§ **Source records**
▼

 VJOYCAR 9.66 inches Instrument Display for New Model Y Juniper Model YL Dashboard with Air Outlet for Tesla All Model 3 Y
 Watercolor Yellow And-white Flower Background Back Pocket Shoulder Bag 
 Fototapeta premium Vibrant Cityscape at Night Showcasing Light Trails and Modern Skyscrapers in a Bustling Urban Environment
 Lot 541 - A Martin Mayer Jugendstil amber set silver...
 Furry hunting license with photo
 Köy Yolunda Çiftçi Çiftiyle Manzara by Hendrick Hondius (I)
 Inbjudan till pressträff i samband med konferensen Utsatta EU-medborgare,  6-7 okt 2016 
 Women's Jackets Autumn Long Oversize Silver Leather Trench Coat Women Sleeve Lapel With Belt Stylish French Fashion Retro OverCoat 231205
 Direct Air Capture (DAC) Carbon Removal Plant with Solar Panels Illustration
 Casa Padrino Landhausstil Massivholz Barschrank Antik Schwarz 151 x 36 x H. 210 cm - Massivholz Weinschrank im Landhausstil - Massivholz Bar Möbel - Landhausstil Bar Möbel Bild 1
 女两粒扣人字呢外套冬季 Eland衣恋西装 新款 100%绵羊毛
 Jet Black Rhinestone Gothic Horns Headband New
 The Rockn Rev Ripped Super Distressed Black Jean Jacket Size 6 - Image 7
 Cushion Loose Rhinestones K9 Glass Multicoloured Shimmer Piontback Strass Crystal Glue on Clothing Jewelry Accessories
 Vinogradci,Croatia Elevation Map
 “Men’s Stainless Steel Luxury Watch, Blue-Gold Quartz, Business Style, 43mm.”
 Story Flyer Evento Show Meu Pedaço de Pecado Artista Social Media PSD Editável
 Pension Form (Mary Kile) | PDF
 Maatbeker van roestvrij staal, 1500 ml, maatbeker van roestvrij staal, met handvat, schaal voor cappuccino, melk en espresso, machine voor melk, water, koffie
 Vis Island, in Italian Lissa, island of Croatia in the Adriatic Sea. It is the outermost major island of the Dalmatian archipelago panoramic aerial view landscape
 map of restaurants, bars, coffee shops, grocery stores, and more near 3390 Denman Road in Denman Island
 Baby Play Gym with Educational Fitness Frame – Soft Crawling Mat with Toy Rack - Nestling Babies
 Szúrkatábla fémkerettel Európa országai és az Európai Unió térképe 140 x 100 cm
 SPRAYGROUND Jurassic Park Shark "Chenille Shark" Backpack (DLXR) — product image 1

▲

§ **REQUIREMENT**
Return every entry exactly as given.

§ **RESPONSE TO THIS TASK**
 VJOYCAR 9.66 inches Instrument Display for New Model Y Juniper Model YL Dashboard with Air Outlet for Tesla All Model 3 Y
 Watercolor Yellow And-white Flower Background Back Pocket Shoulder Bag 
 Fototapeta premium Vibrant Cityscape at Night Showcasing Light Trails and Modern Skyscrapers in a Bustling Urban Environment
 Lot 541 - A Martin Mayer Jugendstil amber set silver...
 Furry hunting license with photo
 Köy Yolunda Çiftçi Çiftiyle Manzara by Hendrick Hondius (I)
 Inbjudan till pressträff i samband med konferensen Utsatta EU-medborgare,  6-7 okt 2016 
 Women's Jackets Autumn Long Oversize Silver Leather Trench Coat Women Sleeve Lapel With Belt Stylish French Fashion Retro OverCoat 231205
 Direct Air Capture (DAC) Carbon Removal Plant with Solar Panels Illustration
 Casa Padrino Landhausstil Massivholz Barschrank Antik Schwarz 151 x 36 x H. 210 cm - Massivholz Weinschrank im Landhausstil - Massivholz Bar Möbel - Landhausstil Bar Möbel Bild 1
 女两粒扣人字呢外套冬季 Eland衣恋西装 新款 100%绵羊毛
 Jet Black Rhinestone Gothic Horns Headband New
 The Rockn Rev Ripped Super Distressed Black Jean Jacket Size 6 - Image 7
 Cushion Loose Rhinestones K9 Glass Multicoloured Shimmer Piontback Strass Crystal Glue on Clothing Jewelry Accessories
 Vinogradci,Croatia Elevation Map
 “Men’s Stainless Steel Luxury Watch, Blue-Gold Quartz, Business Style, 43mm.”
 Story Flyer Evento Show Meu Pedaço de Pecado Artista Social Media PSD Editável
 Pension Form (Mary Kile) | PDF
 Maatbeker van roestvrij staal, 1500 ml, maatbeker van roestvrij staal, met handvat, schaal voor cappuccino, melk en espresso, machine voor melk, water, koffie
 Vis Island, in Italian Lissa, island of Croatia in the Adriatic Sea. It is the outermost major island of the Dalmatian archipelago panoramic aerial view landscape
 map of restaurants, bars, coffee shops, grocery stores, and more near 3390 Denman Road in Denman Island
 Baby Play Gym with Educational Fitness Frame – Soft Crawling Mat with Toy Rack - Nestling Babies
 Szúrkatábla fémkerettel Európa országai és az Európai Unió térképe 140 x 100 cm
 SPRAYGROUND Jurassic Park Shark "Chenille Shark" Backpack (DLXR) — product image 1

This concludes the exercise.